* [Task goal]
With the pictures excluded, repeat every entry exactly.

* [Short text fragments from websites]
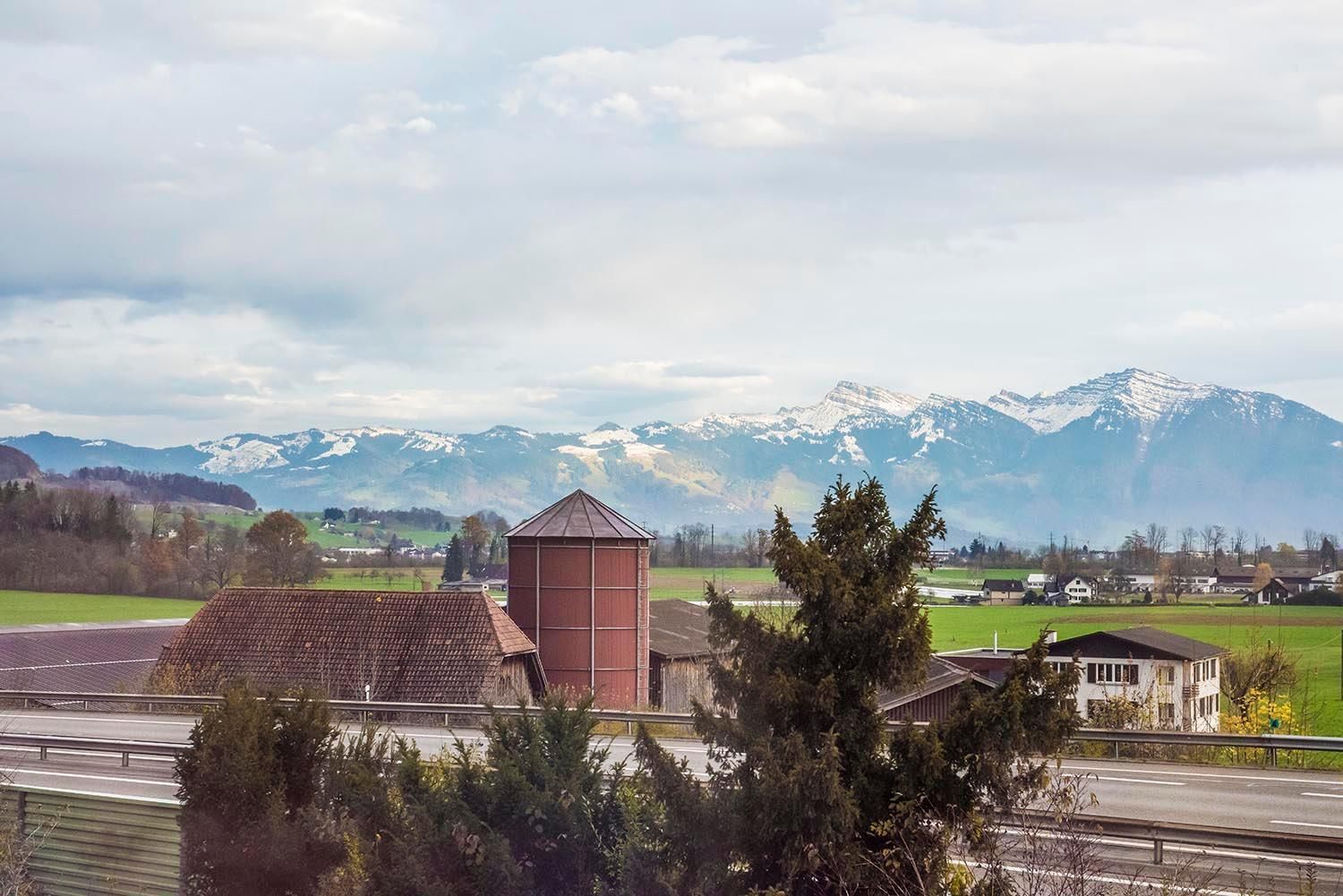 A rural landscape with a mountain range in the background, a silo, and a road in the foreground.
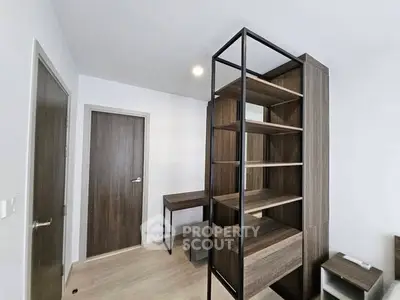 Modern minimalist study room with sleek shelving and wooden desk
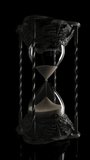 A slow pan around an ornate antique brass hourglass sand timer with sand falling on a dark black background  - Powered by Shutterstock - Get 15% off with code: PIKWIZARD15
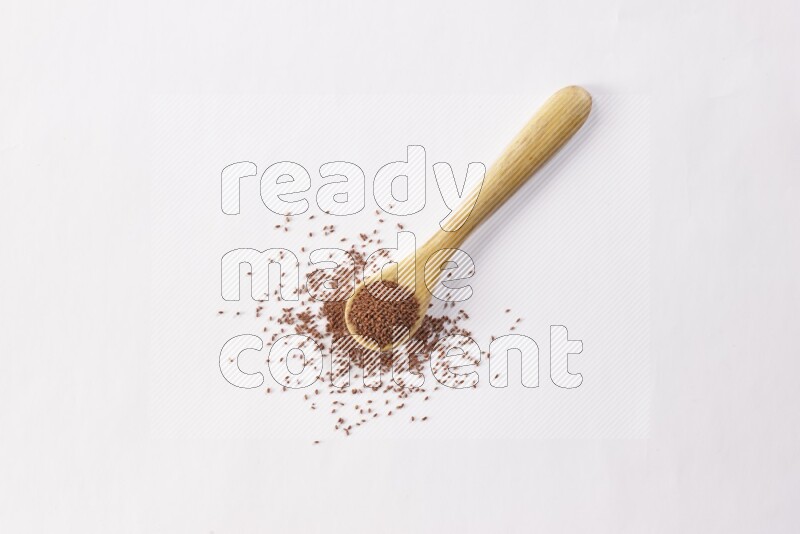 A wooden spoon full of garden cress seeds on a white flooring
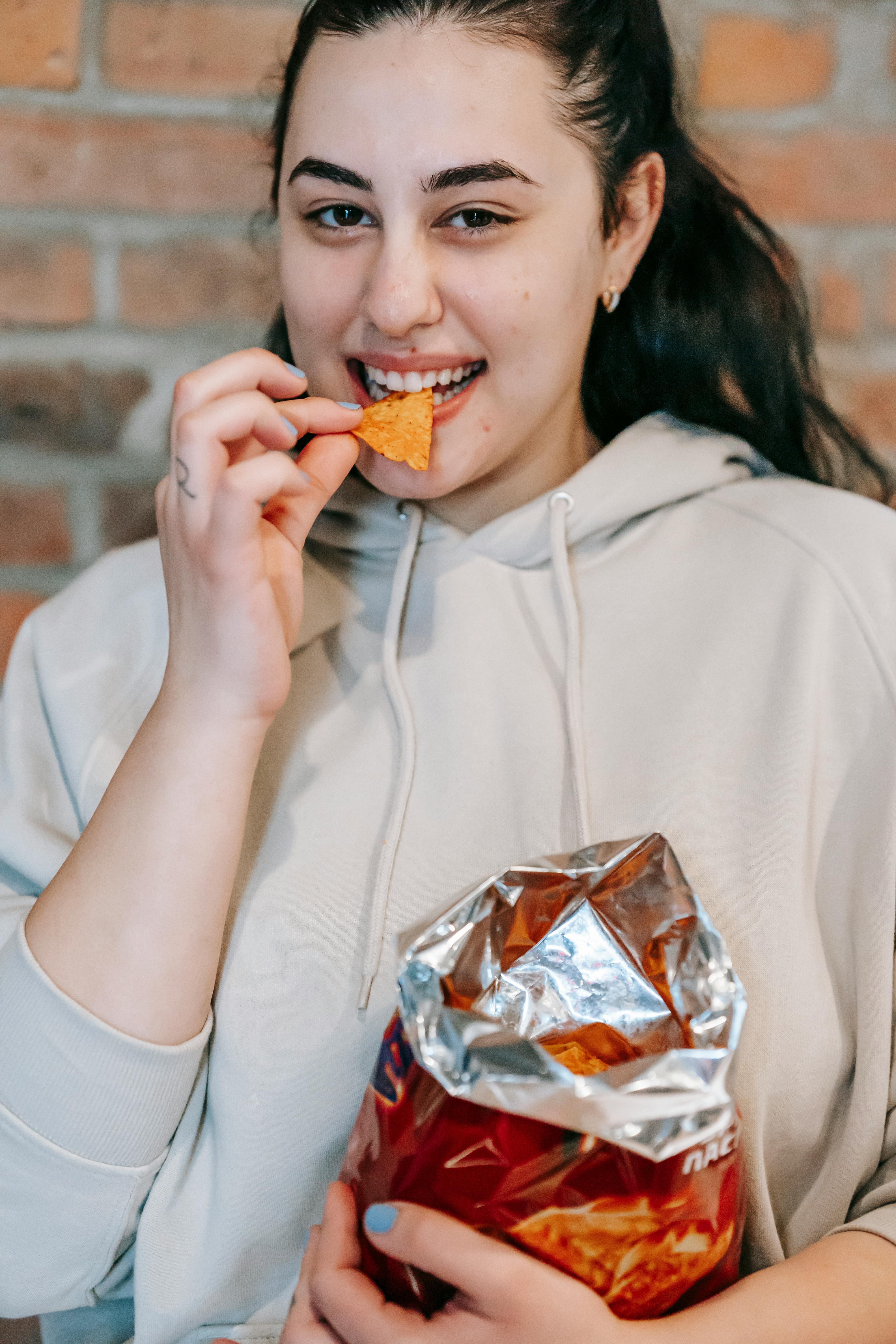 Woman enjoying SNAXX baked potato chips straight from the bag.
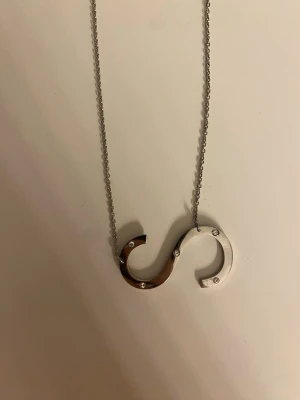 Silverfärgat halsband från IOAKU - Unikt halsband i silverfärg från IOAKU med ett S-format hänge dekorerat med små stenar. Kedjan är tunn och har justerbar längd. Perfekt för dig som gillar stilrena och moderna smycken.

* [Reply]
 A rural landscape with a mountain range in the background, a silo, and a road in the foreground.
 Modern minimalist study room with sleek shelving and wooden desk
 A slow pan around an ornate antique brass hourglass sand timer with sand falling on a dark black background  - Powered by Shutterstock - Get 15% off with code: PIKWIZARD15
 A wooden spoon full of garden cress seeds on a white flooring
 Woman enjoying SNAXX baked potato chips straight from the bag.
 Silverfärgat halsband från IOAKU - Unikt halsband i silverfärg från IOAKU med ett S-format hänge dekorerat med små stenar. Kedjan är tunn och har justerbar längd. Perfekt för dig som gillar stilrena och moderna smycken.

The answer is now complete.